- Born: Ibrahim Hamed Hussein al-Astal 20 January 1961 Egyptian-occupied Gaza Strip
- Died: 23 October 2023 (aged 62) Gaza Strip, Palestine
- Other name: IH Al-Astal
- Occupations: Educational theorist; Researcher;

= Ibrahim al-Astal =

Palestinian educator and professor (1961–2023)

Ibrahim Hamed Hussein al-Astal (إبراهيم حامد حسين الأسطل. 20 January 1961 – 23 October 2023) was a Palestinian educational theorist and researcher. He worked as a dean and professor at Islamic University of Gaza, Faculty of Education. He was the Editor-in-chief of IUG Journal of Educational and Psychological Studies.

==Biography==
Ibrahim al-Astal was born on 20 January 1961. He was awarded a PhD in Curriculum and Mathematics Teaching Methods in 1996, after which he worked as a professor at Al Ain University and Ajman University in the United Arab Emirates, then at Islamic University of Gaza. He worked in several positions at the Faculty of Education at the Islamic University of Gaza, he was the head of Curriculum and Teaching Methods Department (September 2011–August 2013), then the vice Dean (September 2013–August 2015), then the dean of South Branch (August 2015–August 2017) and finally the dean since 1 September 2019.

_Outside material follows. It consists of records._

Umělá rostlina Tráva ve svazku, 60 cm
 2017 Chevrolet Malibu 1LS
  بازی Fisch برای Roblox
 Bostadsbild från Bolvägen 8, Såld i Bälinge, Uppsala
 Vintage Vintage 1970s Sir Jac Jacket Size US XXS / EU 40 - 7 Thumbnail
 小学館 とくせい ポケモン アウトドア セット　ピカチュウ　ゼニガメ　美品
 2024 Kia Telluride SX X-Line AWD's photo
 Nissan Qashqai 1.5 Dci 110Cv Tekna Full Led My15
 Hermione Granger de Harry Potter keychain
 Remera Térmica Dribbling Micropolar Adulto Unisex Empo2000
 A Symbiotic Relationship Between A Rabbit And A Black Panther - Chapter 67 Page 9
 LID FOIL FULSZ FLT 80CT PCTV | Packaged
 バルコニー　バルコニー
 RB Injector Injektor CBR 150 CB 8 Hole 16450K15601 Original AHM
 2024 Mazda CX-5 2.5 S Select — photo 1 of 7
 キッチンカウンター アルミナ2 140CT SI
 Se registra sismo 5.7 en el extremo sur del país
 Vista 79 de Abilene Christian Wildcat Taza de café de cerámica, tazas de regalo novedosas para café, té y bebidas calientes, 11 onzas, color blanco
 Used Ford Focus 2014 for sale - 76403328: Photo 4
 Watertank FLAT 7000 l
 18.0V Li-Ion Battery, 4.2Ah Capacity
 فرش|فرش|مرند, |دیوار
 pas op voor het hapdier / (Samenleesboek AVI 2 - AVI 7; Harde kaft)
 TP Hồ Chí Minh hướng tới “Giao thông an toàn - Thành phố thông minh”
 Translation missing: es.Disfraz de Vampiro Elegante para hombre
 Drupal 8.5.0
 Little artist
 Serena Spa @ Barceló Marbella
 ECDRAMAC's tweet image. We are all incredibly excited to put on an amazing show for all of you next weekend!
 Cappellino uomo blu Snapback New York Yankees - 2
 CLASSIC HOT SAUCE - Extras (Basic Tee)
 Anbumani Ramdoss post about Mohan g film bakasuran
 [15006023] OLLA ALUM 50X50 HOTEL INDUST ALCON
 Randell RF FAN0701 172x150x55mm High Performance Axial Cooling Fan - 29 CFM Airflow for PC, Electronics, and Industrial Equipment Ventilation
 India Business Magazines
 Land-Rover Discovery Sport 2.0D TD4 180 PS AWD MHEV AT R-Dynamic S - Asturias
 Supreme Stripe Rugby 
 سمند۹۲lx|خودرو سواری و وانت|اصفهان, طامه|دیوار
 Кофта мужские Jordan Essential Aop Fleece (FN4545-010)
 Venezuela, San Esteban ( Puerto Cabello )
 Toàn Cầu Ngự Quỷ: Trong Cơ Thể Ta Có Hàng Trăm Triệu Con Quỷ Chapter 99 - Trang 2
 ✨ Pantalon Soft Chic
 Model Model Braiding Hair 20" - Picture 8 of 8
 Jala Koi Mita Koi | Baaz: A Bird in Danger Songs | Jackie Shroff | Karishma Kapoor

Al-Astal worked as a coordinator for several programs and projects, including: "Improving the Quality of Technology Education Teacher Preparation Programs in the Universities and Colleges in Gaza Strip", funded by International Development Association and European Union in 2010 and "Teacher Education Improvement Program (TEIP)", funded by World Bank and Palestinian Ministry of Education and Higher Education, between 2011 and 2019. He was also a member of the steering committee of the project "Mathematics Education Pre-service Teacher Education Development Program", led by the Arab American University in partnership with UCL Institute of Education (2010–2012) and member of steering committee of the project "Developing the Teacher Education Preparation for Early Children Education and Elementary School in Palestine and Norway", led by University of South-Eastern Norway from January 2019.

In 2005, he published a book entitled Mihnat altaelim 'adwar almuealimin fe madrasat almustaqbal (‘The teaching profession, the roles of teachers in the school of the future’ مهنة التعليم أدوار المعلمين في مدرسة المستقبل) in cooperation with Faryal Younis Al-Khalidi.

On 23 October 2023, he, his wife, his daughters, and a number of his relatives were killed during an airstrike attack fired by Israeli Air Force on his home, during the Gaza war. Al-Astal was 62.